At its website, the corporation announces (redundantly) that “we measure our progress against three key measures: earnings, cash and return on invested capital.” The Pearson empire had 2011 worldwide sales of more than $9 billion—that’s nine thousand million dollars, as I might tell my students.

Multinationals like Pearson have no interest in promoting critical thinking about an economic system whose profit-first premises they embrace with gusto.

As mentioned, there is no absence of teaching materials on the Irish famine that can touch head and heart.
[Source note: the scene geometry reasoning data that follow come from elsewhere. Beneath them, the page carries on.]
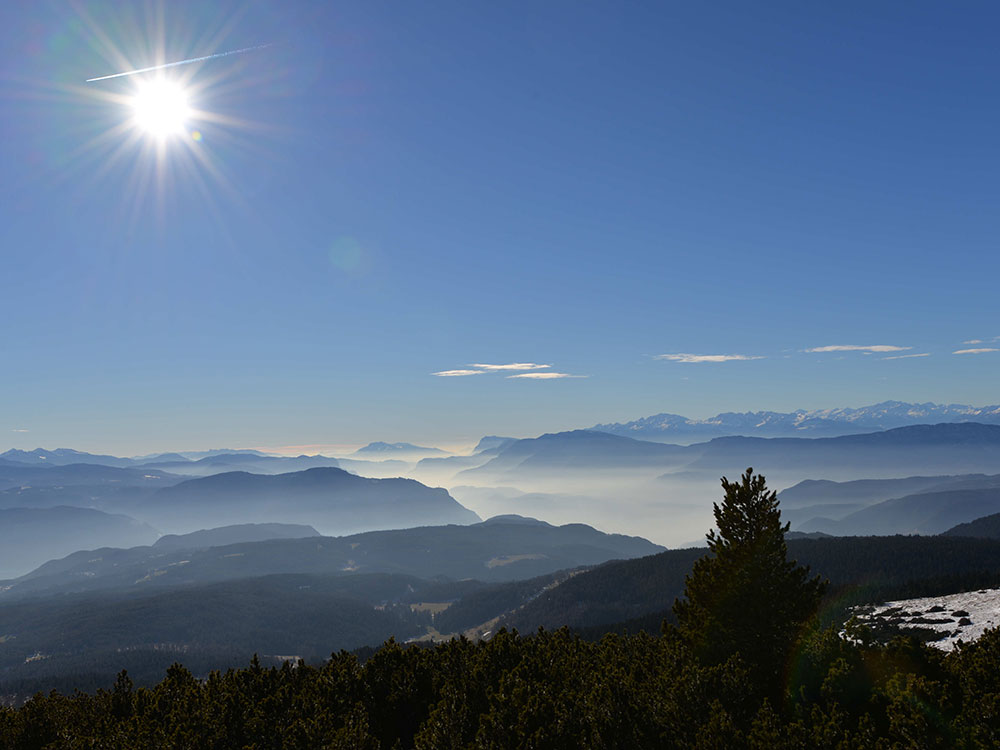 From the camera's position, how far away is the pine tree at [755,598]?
31562 mm

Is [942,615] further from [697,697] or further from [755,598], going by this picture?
[697,697]

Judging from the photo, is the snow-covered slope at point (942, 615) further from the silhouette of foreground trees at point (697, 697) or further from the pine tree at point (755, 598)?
the pine tree at point (755, 598)

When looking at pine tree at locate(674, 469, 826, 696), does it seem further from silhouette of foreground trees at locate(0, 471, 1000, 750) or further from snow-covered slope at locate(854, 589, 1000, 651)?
snow-covered slope at locate(854, 589, 1000, 651)

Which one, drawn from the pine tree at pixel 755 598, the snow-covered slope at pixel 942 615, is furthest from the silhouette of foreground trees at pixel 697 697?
the snow-covered slope at pixel 942 615

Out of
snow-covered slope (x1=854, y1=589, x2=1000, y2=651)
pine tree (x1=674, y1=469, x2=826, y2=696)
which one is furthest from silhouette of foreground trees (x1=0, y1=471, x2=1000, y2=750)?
snow-covered slope (x1=854, y1=589, x2=1000, y2=651)

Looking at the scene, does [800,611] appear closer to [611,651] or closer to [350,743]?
[611,651]

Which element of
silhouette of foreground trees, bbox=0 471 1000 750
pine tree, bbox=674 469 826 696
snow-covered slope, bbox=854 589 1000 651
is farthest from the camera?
snow-covered slope, bbox=854 589 1000 651

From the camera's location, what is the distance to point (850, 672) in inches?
1141

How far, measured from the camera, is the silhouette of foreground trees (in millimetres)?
23125

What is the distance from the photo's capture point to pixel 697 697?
88.3ft

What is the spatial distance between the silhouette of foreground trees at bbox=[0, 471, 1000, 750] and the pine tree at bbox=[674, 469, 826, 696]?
0.24 feet

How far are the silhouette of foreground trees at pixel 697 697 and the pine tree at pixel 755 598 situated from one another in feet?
0.24

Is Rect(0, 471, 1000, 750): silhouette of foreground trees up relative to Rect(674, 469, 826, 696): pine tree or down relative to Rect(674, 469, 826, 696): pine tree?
down

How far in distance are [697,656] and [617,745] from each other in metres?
9.02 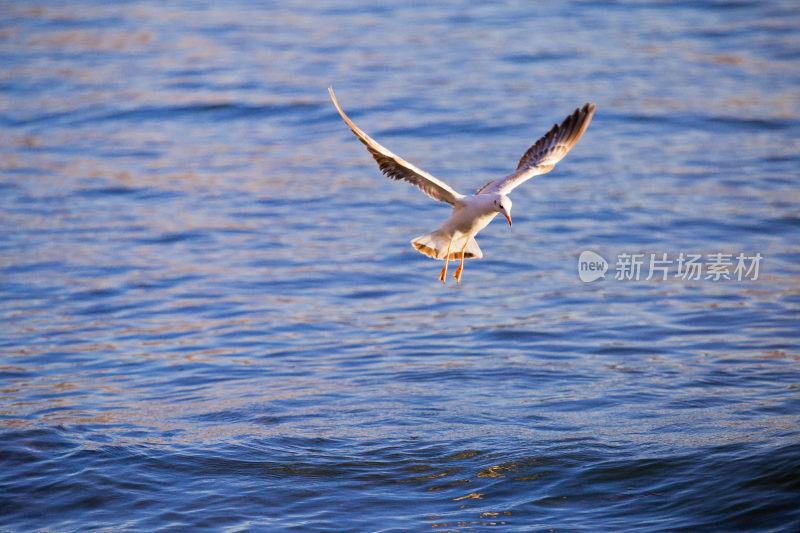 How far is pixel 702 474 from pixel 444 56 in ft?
38.9

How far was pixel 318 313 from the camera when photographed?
978 centimetres

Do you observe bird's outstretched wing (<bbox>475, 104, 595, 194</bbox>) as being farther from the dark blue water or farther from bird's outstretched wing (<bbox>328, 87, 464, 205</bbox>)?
the dark blue water

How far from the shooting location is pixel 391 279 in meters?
10.5

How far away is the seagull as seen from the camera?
273 inches

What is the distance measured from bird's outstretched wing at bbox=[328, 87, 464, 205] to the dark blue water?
5.28 feet

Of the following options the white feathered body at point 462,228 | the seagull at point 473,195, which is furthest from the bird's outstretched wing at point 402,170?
the white feathered body at point 462,228

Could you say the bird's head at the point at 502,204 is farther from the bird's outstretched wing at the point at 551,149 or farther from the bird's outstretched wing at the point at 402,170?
the bird's outstretched wing at the point at 551,149

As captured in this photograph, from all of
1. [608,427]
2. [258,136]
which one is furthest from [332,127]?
[608,427]

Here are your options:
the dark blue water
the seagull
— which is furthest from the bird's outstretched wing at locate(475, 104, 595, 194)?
the dark blue water

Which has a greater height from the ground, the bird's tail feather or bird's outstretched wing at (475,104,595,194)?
bird's outstretched wing at (475,104,595,194)

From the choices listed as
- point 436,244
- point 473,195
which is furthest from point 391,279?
point 473,195

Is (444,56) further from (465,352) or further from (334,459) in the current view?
(334,459)

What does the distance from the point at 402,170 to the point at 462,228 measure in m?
0.80

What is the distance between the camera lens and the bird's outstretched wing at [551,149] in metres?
7.59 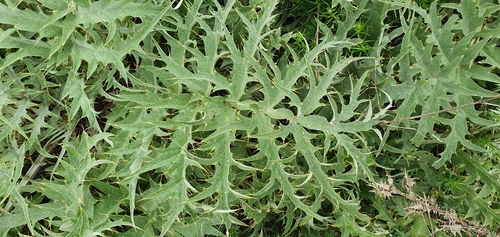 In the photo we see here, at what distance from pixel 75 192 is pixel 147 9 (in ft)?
2.47

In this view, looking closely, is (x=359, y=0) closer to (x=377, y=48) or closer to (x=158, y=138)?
(x=377, y=48)

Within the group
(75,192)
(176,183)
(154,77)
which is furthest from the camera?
(154,77)

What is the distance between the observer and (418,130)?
1.97 meters

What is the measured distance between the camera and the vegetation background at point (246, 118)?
1.77 meters

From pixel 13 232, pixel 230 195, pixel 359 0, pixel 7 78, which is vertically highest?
pixel 359 0

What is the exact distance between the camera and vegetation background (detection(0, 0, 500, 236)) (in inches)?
69.8

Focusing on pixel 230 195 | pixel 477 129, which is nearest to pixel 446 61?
pixel 477 129

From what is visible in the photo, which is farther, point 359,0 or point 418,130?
point 359,0

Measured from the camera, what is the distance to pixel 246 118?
1.76 m

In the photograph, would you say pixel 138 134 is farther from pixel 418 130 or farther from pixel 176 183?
pixel 418 130

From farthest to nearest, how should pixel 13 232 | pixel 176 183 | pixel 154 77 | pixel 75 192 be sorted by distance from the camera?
pixel 13 232, pixel 154 77, pixel 75 192, pixel 176 183

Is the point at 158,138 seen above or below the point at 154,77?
below

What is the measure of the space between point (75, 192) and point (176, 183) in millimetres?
437

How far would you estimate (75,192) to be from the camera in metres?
1.92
In a role play, “Hunger on Trial,” that I wrote and taught to my own students in Portland, Oregon—included at the Zinn Education Project website— students investigate who or what was responsible for the famine.

The British landlords, who demanded rent from the starving poor and exported other food crops?

The British government, which allowed these food exports and offered scant aid to Irish peasants?

The Anglican Church, which failed to denounce selfish landlords or to act on behalf of the poor?

A system of distribution, which sacrificed Irish peasants to the logic of colonialism and the capitalist market?

These are rich and troubling ethical questions. They are exactly the kind of issues that fire students to life and allow them to see that history is not simply a chronology of dead facts stretching through time.

So go ahead: Have a Guinness, wear a bit of green, and put on the Chieftains.

But let’s honor the Irish with our curiosity. Let’s make sure that our schools show some respect, by studying the social forces that starved and uprooted over a million Irish—and that are starving and uprooting people today.

Bill Bigelow taught high school social studies in Portland, Ore. for almost 30 years. He is the curriculum editor of Rethinking Schools and the co-director of the Zinn Education Project.

This project offers free materials to teach people’s history and an “If We Knew Our History” article series.

Bigelow is author or co-editor of numerous books, including A People’s History for the Classroom and The Line Between Us: Teaching About the Border and Mexican Immigration, and most recently, A People’s Curriculum for the Earth: Teaching Climate Change and the Environmental Crisis.

Note 1: https://adonis49.wordpress.com/2014/04/04/st-patricks-day-what-is-wrong-a-lie-a-misrepresentation-misconception/

Note 2:

Andrew Bossone shared this link on FB

Certainly some lessons to learn: “The school curriculum could and should ask students to reflect on the contradiction of starvation amidst plenty, on the ethics of food exports amidst famine. And it should ask why these patterns persist into our own time.”

“Wear green on St. Patrick’s Day or get pinched.”